2) The weights for responding households are adjusted to represent the households that did not respond. Adjustment factors are calculated separately by province, and using a nonresponse model based on frame information.
3) The household weights are calibrated so that the sum of the weights match province level household size demographic counts.
4) Person weights are computed by multiplying the household level weights by the inverse of the probability of selecting the person within the household.
5) Each selected person in the targeted respondent sample is given an initial weight to the inverse of the selection probability from the person frame. Persons identified as out of scope are dropped from the sample.
6) The weights of respondents are adjusted to represent the persons which did not respond to the survey. Adjustment factors are computed separately by province, based on a nonresponse model using frame information.
7) The person weights coming from the household sample and the targeted respondent sample are pooled together.
8) The person weights are calibrated so that the sum of the weights match demographic population counts at the region by age group by gender level. The weights are also calibrated to demographic counts for large Census Metropolitan Areas (CMAs).
Variance estimation is based on a resampling method called the bootstrap.
The Generalized Estimation System (G-Est) was used to generate the survey weights and bootstrap weights.
While quality assurance mechanisms are applied at all stages of the statistical process, the validation and detailed review of data by statisticians is the final verification of quality prior to release. Many validation measures were implemented, they include:
a. Verification of estimates through cross-tabulations
b. Consultation with stakeholders internal to Statistics Canada
c. Consultation with external stakeholders
Statistics Canada is prohibited by law from releasing any information it collects that could identify any person, business, or organization, unless consent has been given by the respondent or as permitted by the Statistics Act.
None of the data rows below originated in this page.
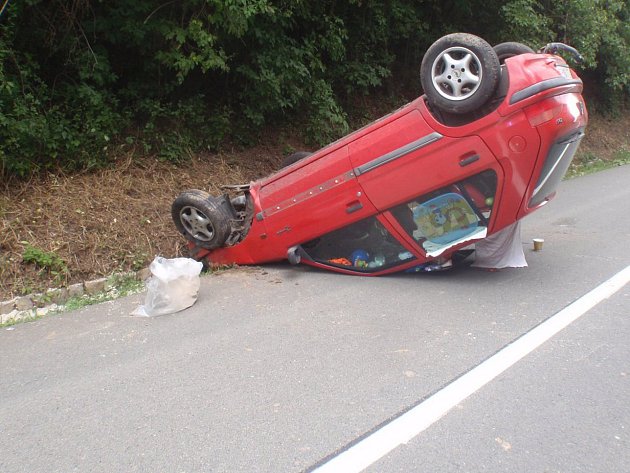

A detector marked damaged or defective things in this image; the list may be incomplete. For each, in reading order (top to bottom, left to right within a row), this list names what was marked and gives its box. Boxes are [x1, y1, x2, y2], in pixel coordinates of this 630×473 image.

exposed tire [422, 33, 502, 114]
exposed tire [496, 41, 536, 63]
exposed tire [282, 151, 314, 168]
overturned red car [172, 33, 588, 274]
exposed tire [173, 189, 232, 249]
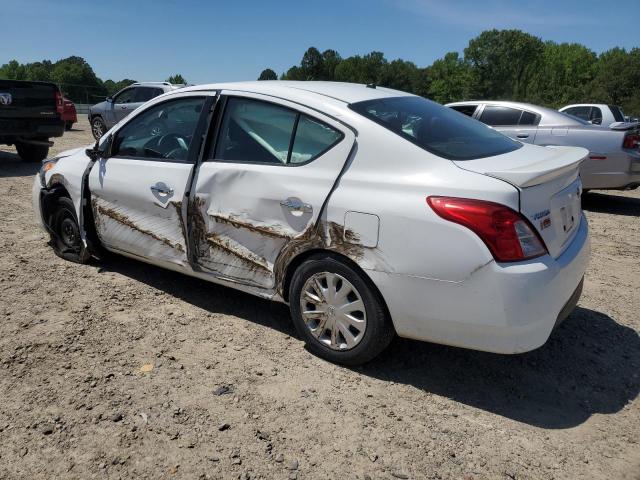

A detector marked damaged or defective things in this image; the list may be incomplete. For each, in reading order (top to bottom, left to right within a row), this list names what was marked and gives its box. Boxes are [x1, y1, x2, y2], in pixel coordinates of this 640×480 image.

rust-stained dent [95, 201, 185, 253]
damaged white car [31, 82, 592, 366]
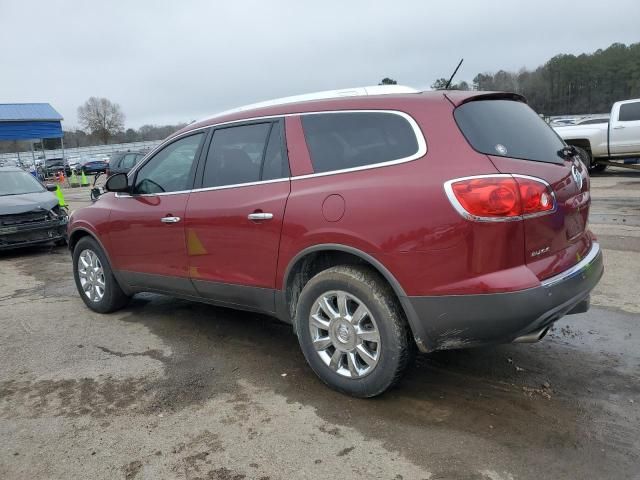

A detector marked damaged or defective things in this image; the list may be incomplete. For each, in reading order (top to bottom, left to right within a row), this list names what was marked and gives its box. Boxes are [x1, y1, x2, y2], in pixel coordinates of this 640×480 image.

damaged vehicle [0, 166, 68, 249]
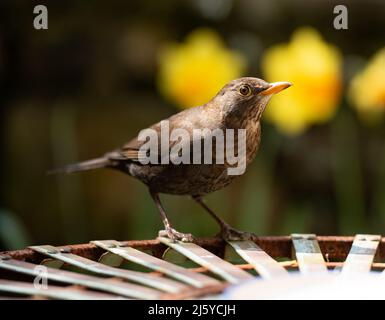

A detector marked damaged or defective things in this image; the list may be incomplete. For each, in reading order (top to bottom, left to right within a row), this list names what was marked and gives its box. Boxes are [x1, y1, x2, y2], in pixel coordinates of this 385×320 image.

rusted metal edge [2, 236, 380, 264]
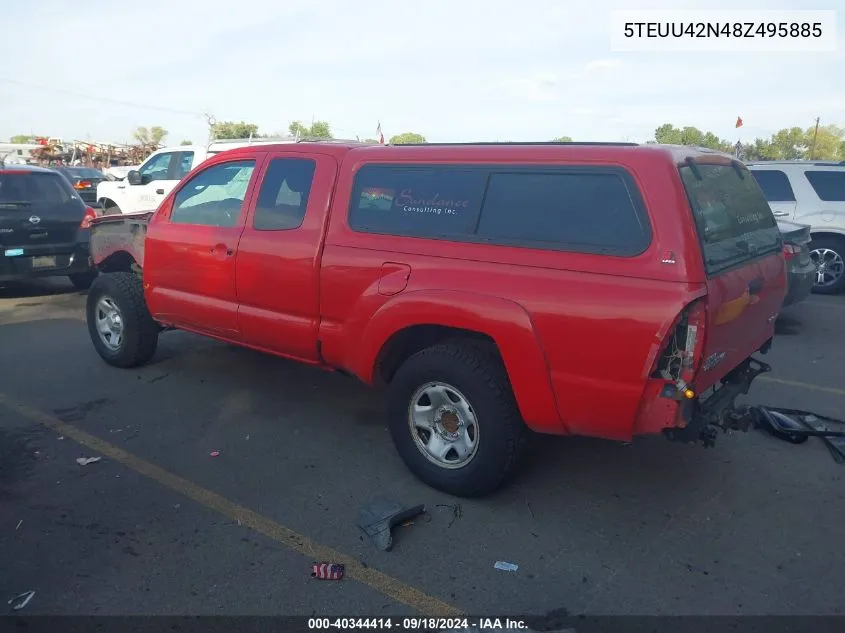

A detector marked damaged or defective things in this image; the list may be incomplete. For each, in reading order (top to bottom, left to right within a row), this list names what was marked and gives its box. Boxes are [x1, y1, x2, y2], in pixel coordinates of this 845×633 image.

damaged rear bumper [664, 358, 772, 446]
Various confidentiality rules are applied to all data that are released or published to prevent the publication or disclosure of any information deemed confidential. If necessary, data are suppressed to prevent direct or residual disclosure of identifiable data.
Revisions and seasonal adjustment
This methodology type does not apply to this statistical program.
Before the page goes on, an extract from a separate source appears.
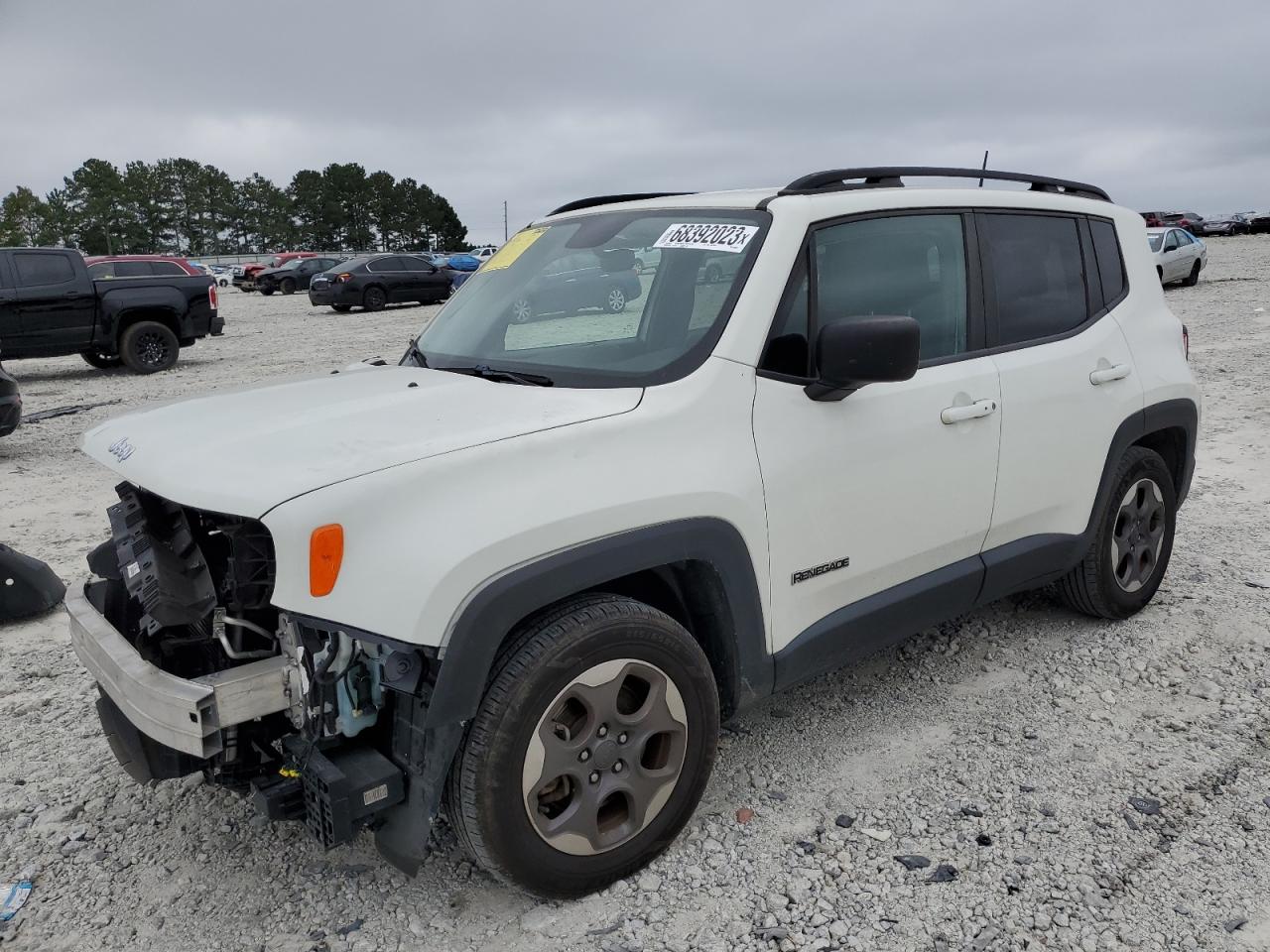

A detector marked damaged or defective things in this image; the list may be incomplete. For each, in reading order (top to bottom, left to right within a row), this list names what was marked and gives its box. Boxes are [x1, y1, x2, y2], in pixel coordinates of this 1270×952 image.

Survey errors come from a variety of different sources. One dimension of survey error is sampling error. Sampling error is defined as the error that arises because an estimate is based on a sample rather than the entire population. Sampling error can be expressed through a confidence interval (CI) or coefficient of variation (CV).
The following are approximate sampling error estimates for Canada level estimates. These are based on average results; these are not results for a specific variable.
- Approximate length of 95% confidence intervals for a proportion of 50% (Canada level): 4.0%
- Approximate length of 95% confidence intervals for a proportion of 10% (Canada level): 2.5%
- Approximate coefficients of variation (CVs) for a proportion of 10% (Canada level): 6%
The response rate for the Canadian Tobacco and Nicotine Survey was 41%.
Non-sampling errors can be defined as errors arising during the course of virtually all survey activities, apart from sampling. These include coverage errors, non-response errors, response errors, interviewer errors, coding errors, and other types of processing errors.
The survey estimates are adjusted to account for non-response through the survey weights. To the extent that the non-responding households and persons differ from the rest of the sample, the results may be biased.
Coverage errors arise when there are differences between the target population and the observed population. The observed population is persons living in dwellings with mailable addresses on the frame. Approximately 95% of the dwellings on the frame had mailable addresses. To the extent that the excluded population differs from the rest of the target population, the results may be biased.